▶ Data excerpt
⁂

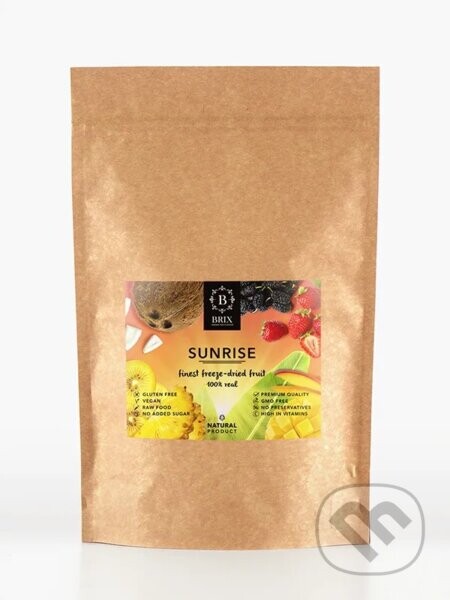 Sunrise 140g – mix 6 druhov - Brix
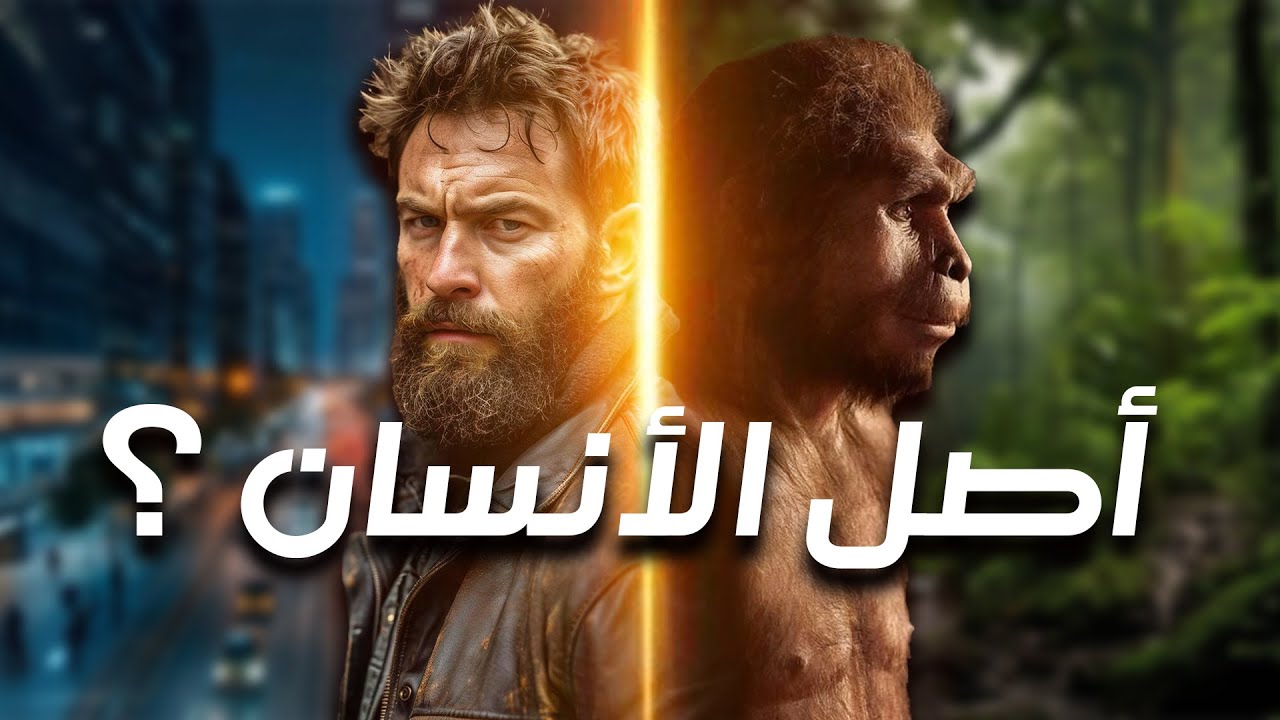 الشعراوي | ما هو اصل الانسان و ما علاقة نظرية داروين بالاسلام ؟؟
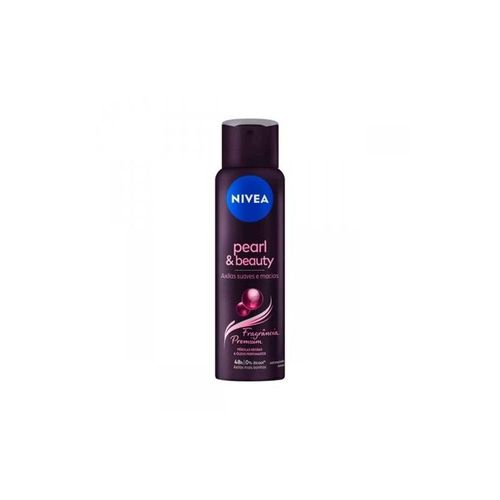 Desodorante Nivea Pea Beau Aerossol Feminino Pearl e Beauty 150ml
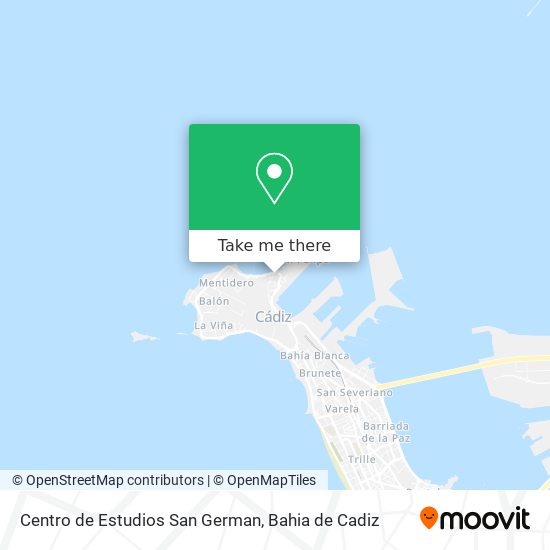 Centro de Estudios San German map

⁂

Reproduce the entire listing exactly, but omit any pictures.

 Sunrise 140g – mix 6 druhov - Brix
 الشعراوي | ما هو اصل الانسان و ما علاقة نظرية داروين بالاسلام ؟؟
 Desodorante Nivea Pea Beau Aerossol Feminino Pearl e Beauty 150ml
 Centro de Estudios San German map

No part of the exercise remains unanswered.